4. Ao determinar o valor justo menos os custos de venda, qual UGC deve refletir o impacto do imposto complementar do Pillar Two – aquela que é responsável pelo pagamento ou aquela que aciona a cobrança do imposto?

Em nossa opinião, é a UGC responsável por acionar a cobrança do imposto complementar do Pillar Two, mas apenas se um participante do mercado estiver sujeito ao imposto complementar ao adquirir a entidade que aciona o gatilho.

Ao determinar o justo valor menos os custos de venda em um teste de impairment a nível do grupo, em nossa opinião, uma entidade deve considerar a perspectiva do participante no mercado sobre se e onde refletir os futuros pagamentos de impostos complementares esperados. Isso significa considerar:

  • se a legislação tributária do Pillar Two se aplica ao participante do mercado, ou seja, se ele estaria sujeito ao imposto complementar se adquirisse a entidade que aciona o gatilho; e
  • como um participante do mercado levaria em consideração os futuros pagamentos de impostos complementares esperados na precificação da UGC que aciona o gatilho do imposto complementar ou que é responsável por pagá-lo.

Se um participante do mercado estaria sujeito ao imposto complementar na aquisição da entidade que aciona o gatilho, então acreditamos que os futuros pagamentos de impostos complementares esperados devem ser refletidos na UGC que aciona o gatilho do imposto complementar.

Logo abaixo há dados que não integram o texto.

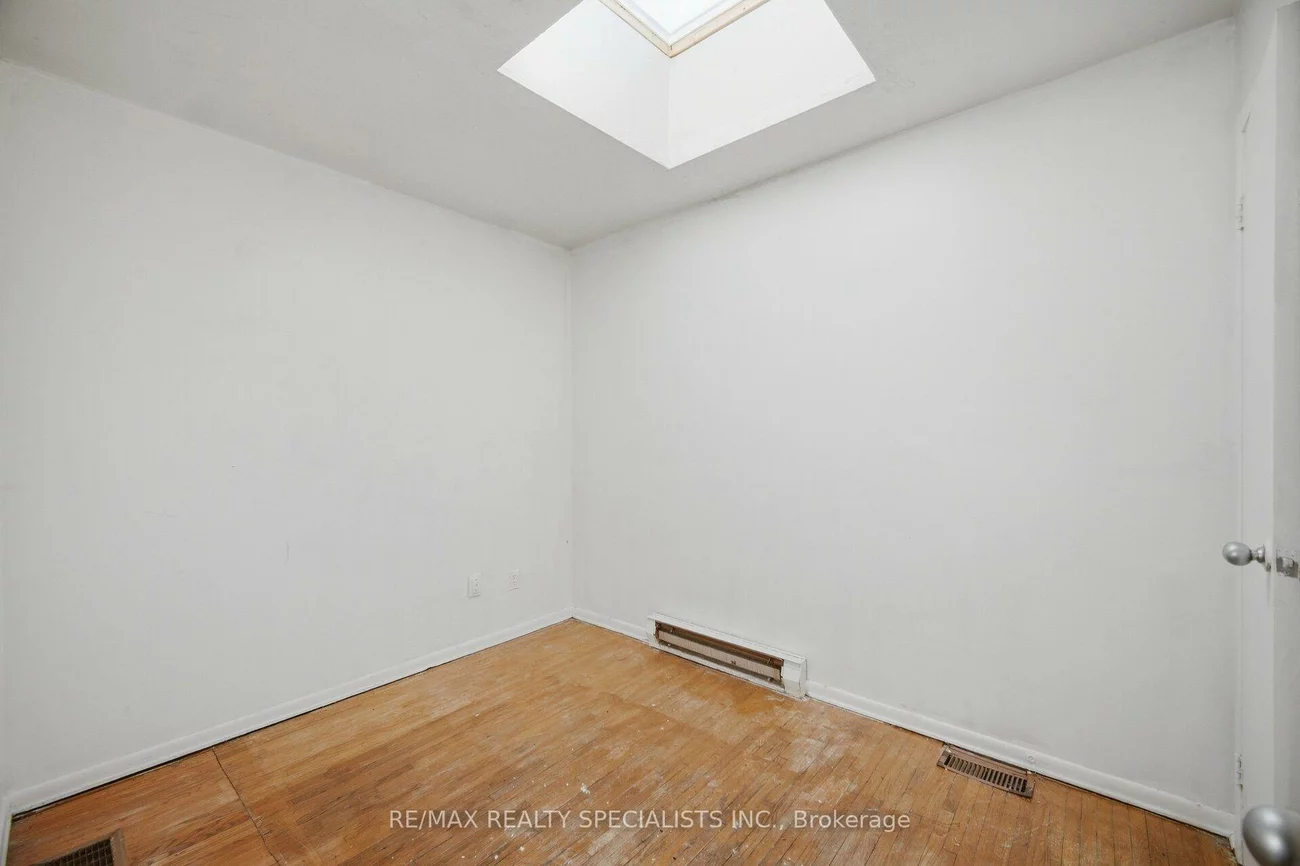 1169, Lakeshore, Lakeview, Mississauga
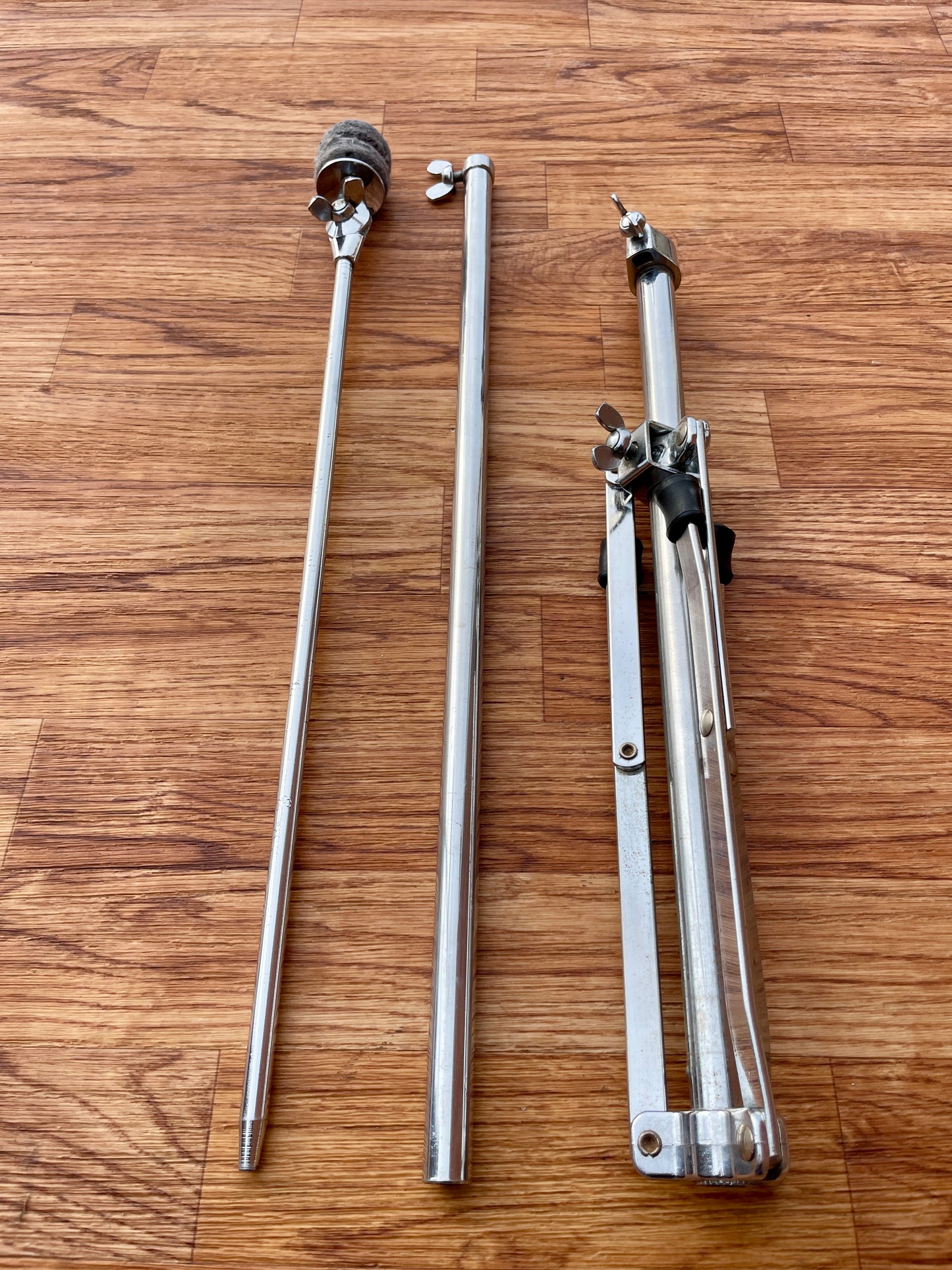 1960s Ludwig No. 1400 Straight Flat Base Cymbal Stand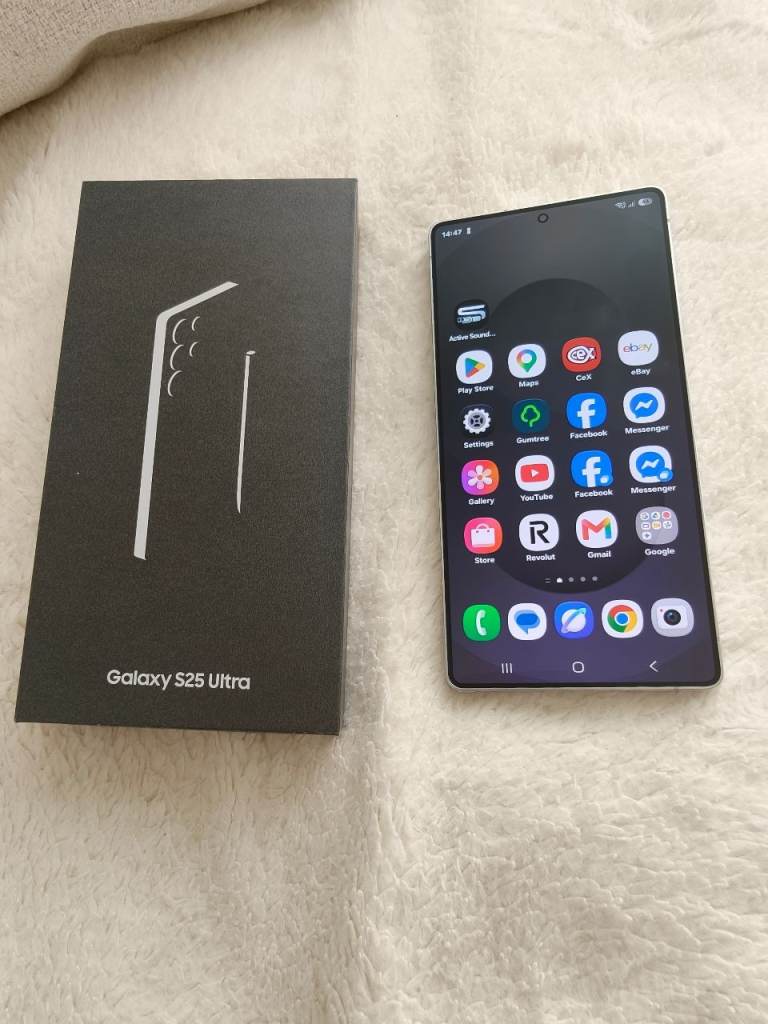 Samsung Galaxy S25 Ultra 256GB Titanium Whitesilver, Unlocked, Dual SIM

As novas leis tributárias do Pillar Two são muito complexas e pode ser difícil estimar seu impacto. Por isso, recomendamos que entre em contato com seus especialistas em tributação e com os usuários das demonstrações financeiras anuais de 2023 para assegurar que estas forneçam informações significativas e relevantes a respeito de sua exposição ao imposto complementar.